Problem to work on: Every record below should be printed again exactly, with its pictures removed.

'''

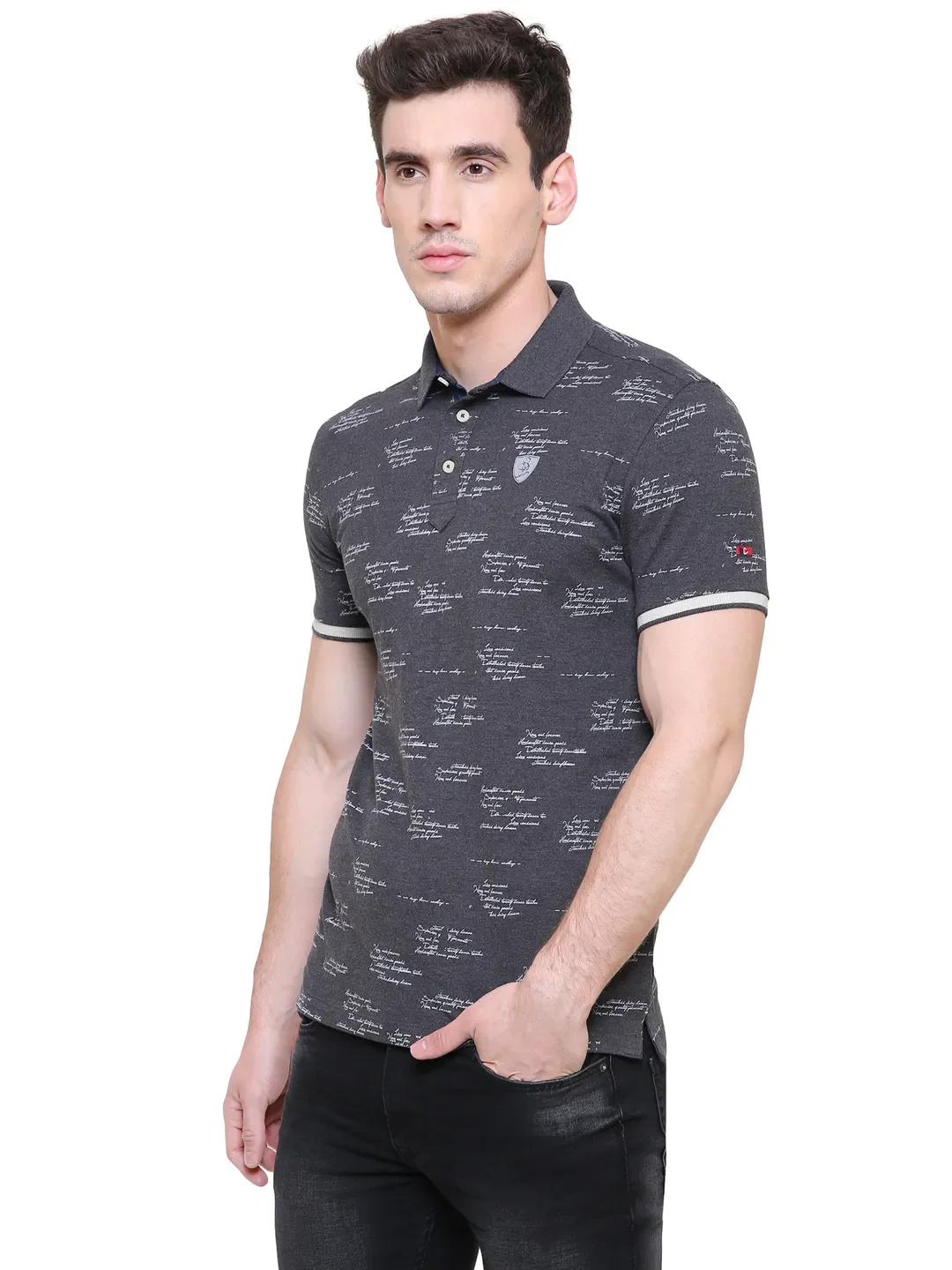Black Regular Fit Men's Polo T-Shirt by Being Human Clothing - Image 3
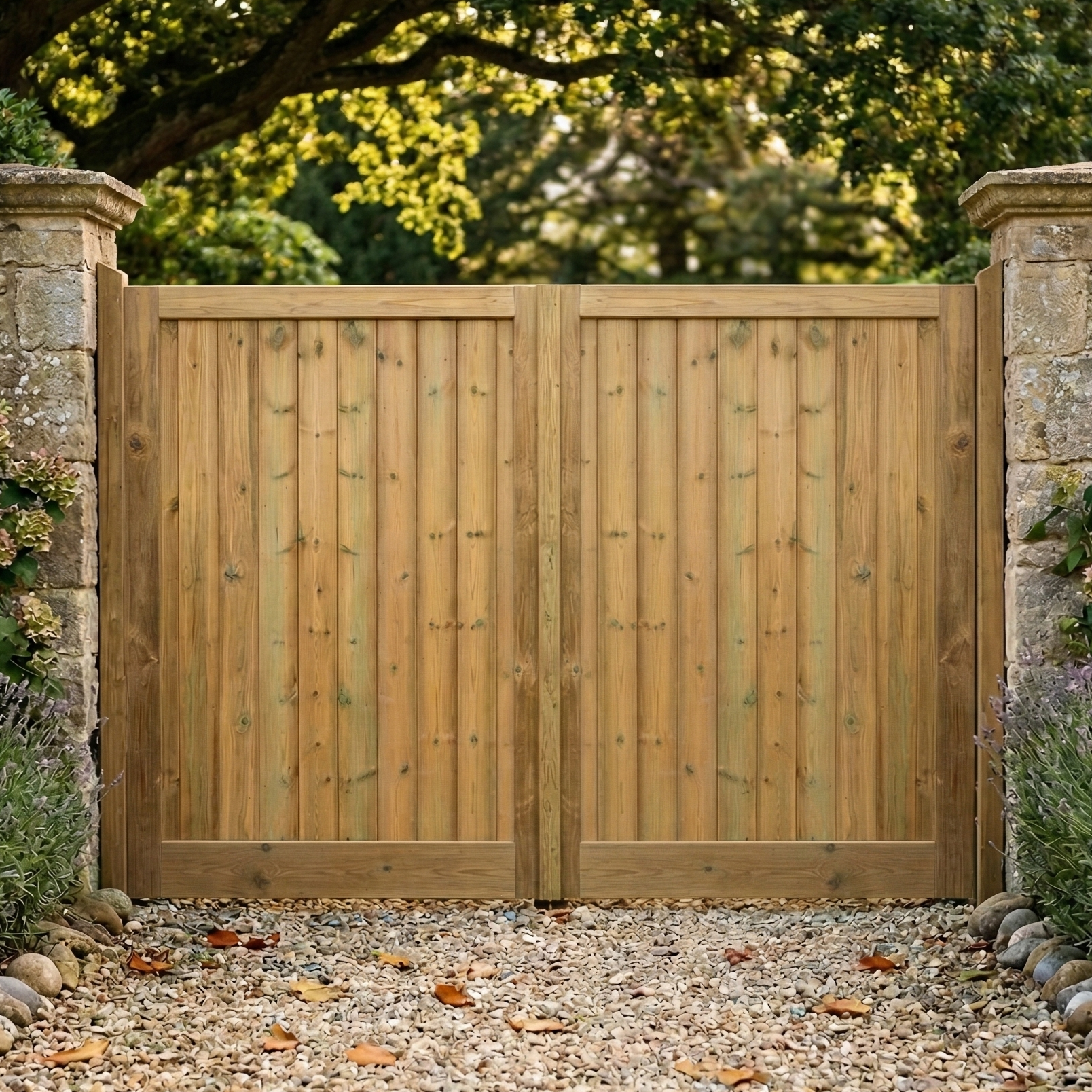 Croyde Scandinavian Redwood Sliding Driveway Gate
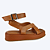 Sandália Flatform Tatá Tiras Cruzadas em Couro Caramelo - Imagem 4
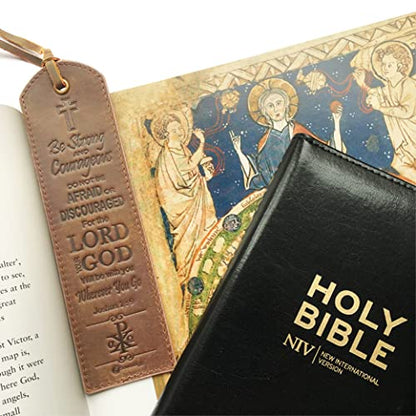 Leather Bible Bookmarks - 2 Leather Christian Bookmarks with Inspirational Bible Verse | Joshua 1: 9 Be Strong & Courageous | Perfect Religious Book Marker Gifts for Men, Women, Readers and Friends - style: Joshua 1:9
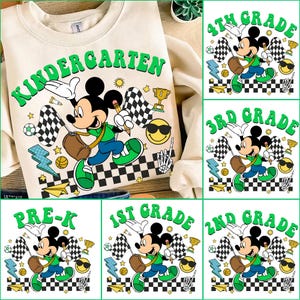 Retro mouse Back to School Bundle, Kindergarten, First Day Of School png, Mickeyy Mouse and friends, First/Second/Third Grade Design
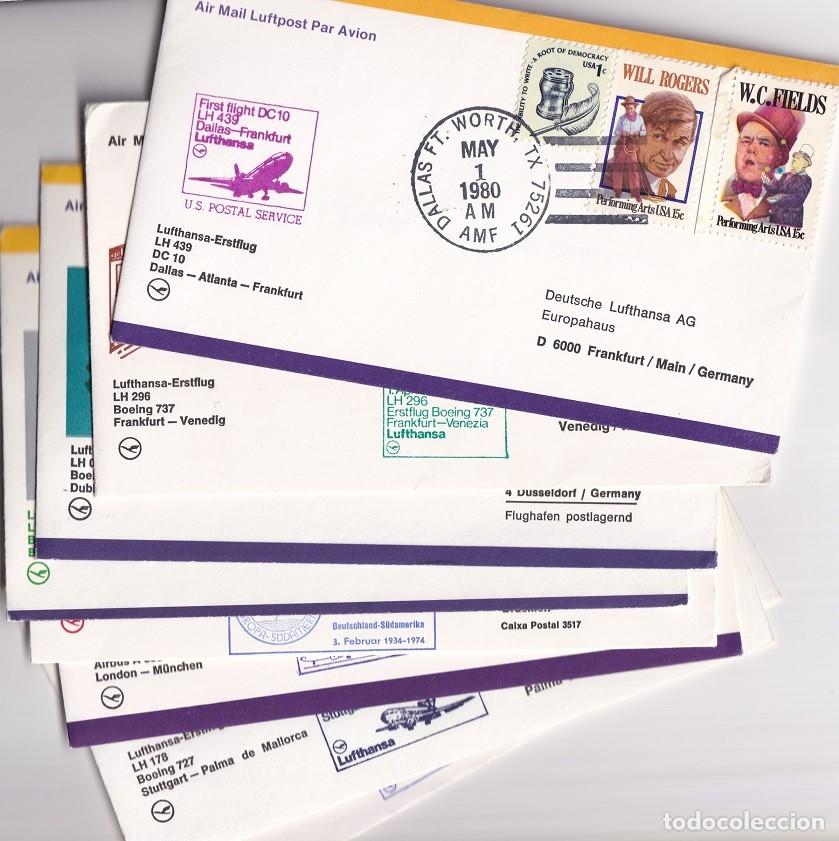 Briefmarken: 8 Sobres a&eacute;reos de primer vuelo - Lufthansa / Palma de Mallorca - Londres - Brasil - Italia - Alem..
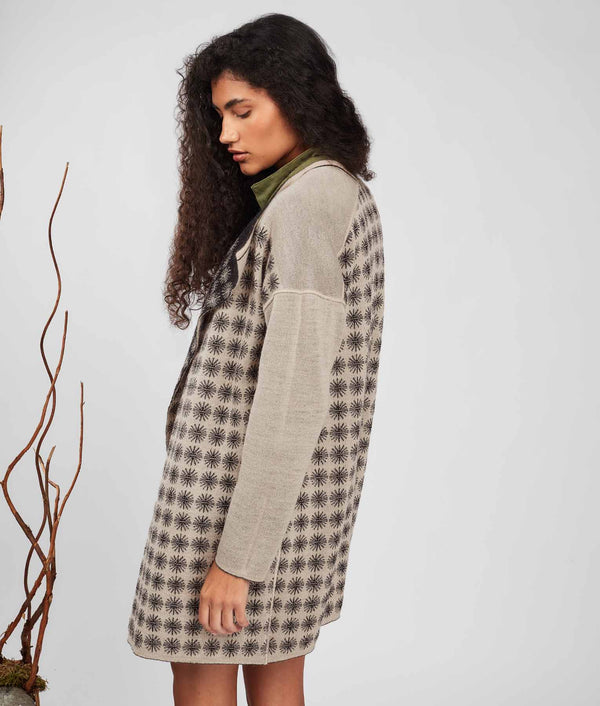 Bicolor Ptp Motif Double Face Cardigan - Black Bean And Cement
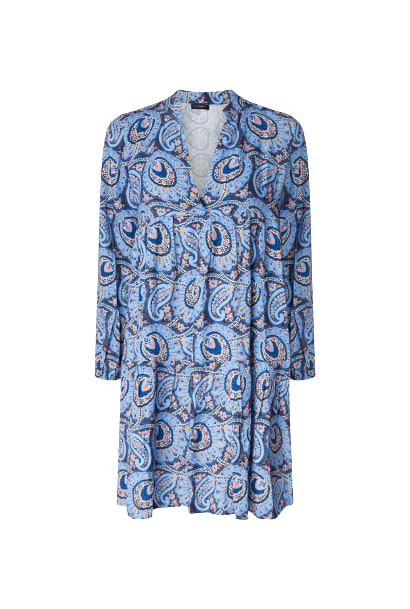 Women’s Short Paisley V-Neck Dress - Blue Medium James Lakeland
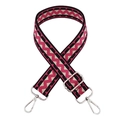 Macro shot of 3.8cm wide pink wave pattern bag strap with durable silver lobster clasps - B3 Rose Pink + Silver Buckle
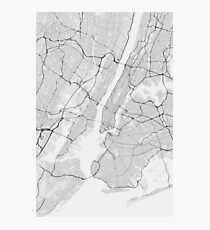 New York, USA Map. (Black on white) Photographic Print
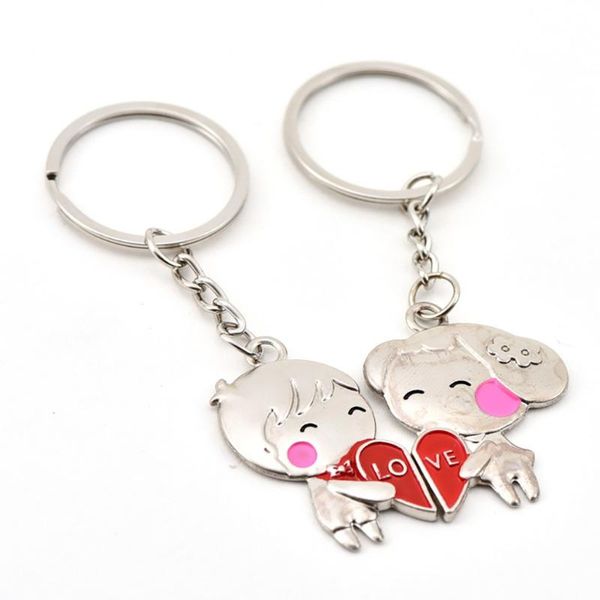 

small animal supplies 1 pair stainless steel couple keychain fashion jewelry men women trinket car key ring valentine's day gift for lo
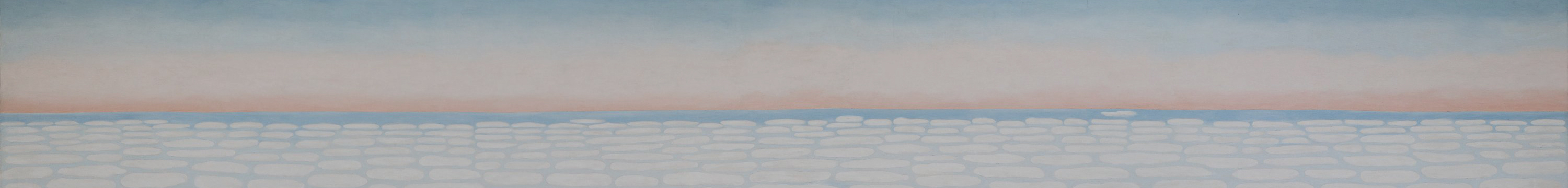 Detail image of pink and blue sunset over many white clouds, 1983.821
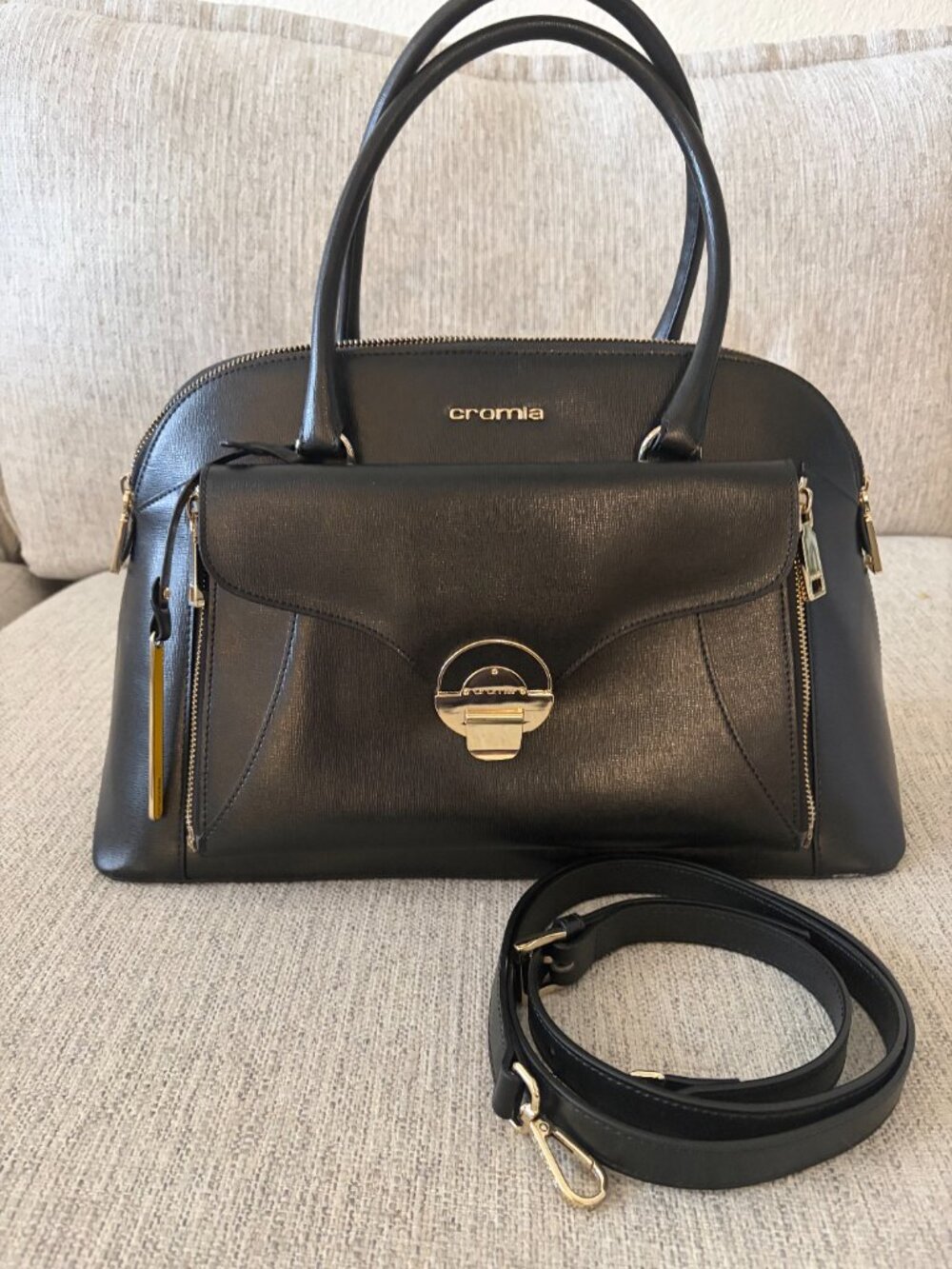 Classic Italian Leather Black Cromia Satchel w/Removeable Clutch and Purse Pouch - Picture 9 of 16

'''

Solution for this exercise:
Black Regular Fit Men's Polo T-Shirt by Being Human Clothing - Image 3
 Croyde Scandinavian Redwood Sliding Driveway Gate
 Sandália Flatform Tatá Tiras Cruzadas em Couro Caramelo - Imagem 4
 Leather Bible Bookmarks - 2 Leather Christian Bookmarks with Inspirational Bible Verse | Joshua 1: 9 Be Strong & Courageous | Perfect Religious Book Marker Gifts for Men, Women, Readers and Friends - style: Joshua 1:9
 Retro mouse Back to School Bundle, Kindergarten, First Day Of School png, Mickeyy Mouse and friends, First/Second/Third Grade Design
 Briefmarken: 8 Sobres a&eacute;reos de primer vuelo - Lufthansa / Palma de Mallorca - Londres - Brasil - Italia - Alem..
 Bicolor Ptp Motif Double Face Cardigan - Black Bean And Cement
 Women’s Short Paisley V-Neck Dress - Blue Medium James Lakeland
 Macro shot of 3.8cm wide pink wave pattern bag strap with durable silver lobster clasps - B3 Rose Pink + Silver Buckle
 New York, USA Map. (Black on white) Photographic Print

small animal supplies 1 pair stainless steel couple keychain fashion jewelry men women trinket car key ring valentine's day gift for lo
 Detail image of pink and blue sunset over many white clouds, 1983.821
 Classic Italian Leather Black Cromia Satchel w/Removeable Clutch and Purse Pouch - Picture 9 of 16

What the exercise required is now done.